I'm a 40-something married white female, survivor of weight watchers, avid reader of pulp. Dogs (not cats), extreme right (handed, not politics), ENTJ, alto, wanna-be knitter.

July 08, 2007

Priceless

Priceless? I don't think so. First the hinge on one of our cabinets snapped. Snapped! We just had our kitchen cabinets installed in 99. Grrr. Well, at least they sent us the new ones no charge, since these cabinets have a lifetime guarantee. Here's the end result (click on the pics to see 'em big):



Then the bone in Titus's foot snapped. No lifetime guarantee on the dog, however. I call him "the Captain" because he sounds like a pirate, clunking around on his peg-leg. And my slinky-dog just cannot get used to this cone-head look. I tried telling him it's all the rage, but he's like "whatever, man. Why did you do this to me again?!" The only perks here are that he's getting some MAJOR drugs. He hasn't started picking flowers out of the air, though, so I guess they're not psyochotropics. Worth as much as the porsche-driving vet charged? *sigh* not to me, but to John yes.

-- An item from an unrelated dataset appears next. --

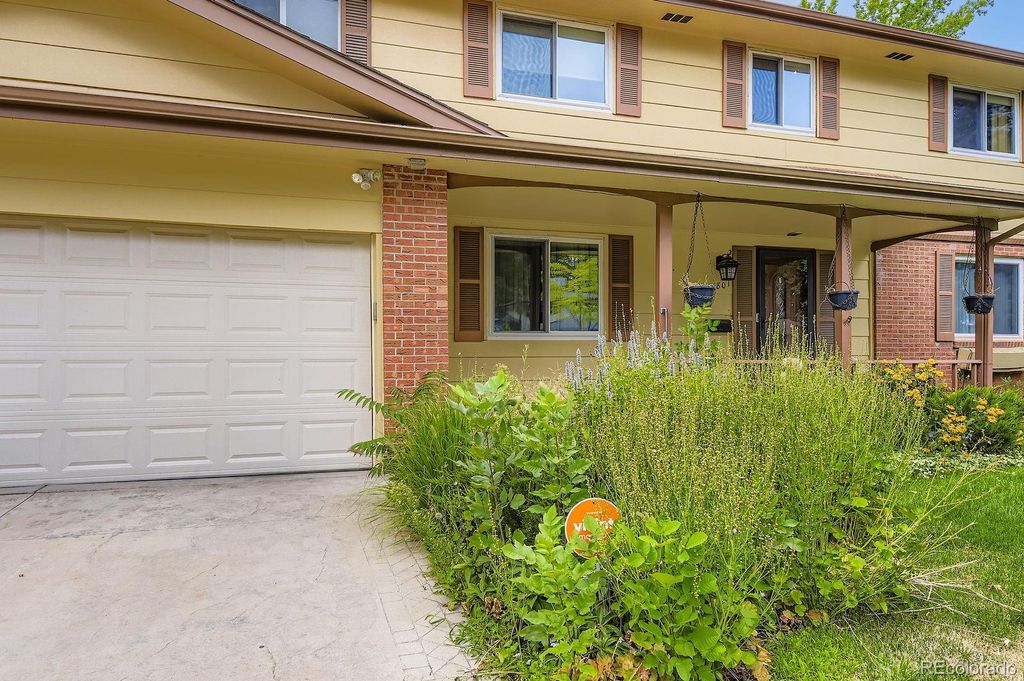 Photo of 6801 S Gilpin Circle W, Centennial, CO 80122 (MLS # 9928880)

And then, yesterday, our TV caught fire. Poof, sparks, daggone it. It was 10 years old, but we were hoping for another 10. Daggone it. So, off to Best Buy to get the replacement... (do you like the cabinet I built?! Little ol' me! We had to get a TV to fit in the cabinet I built. )

So, the Visa has had a workout this weekend. Totally lame. Not priceless.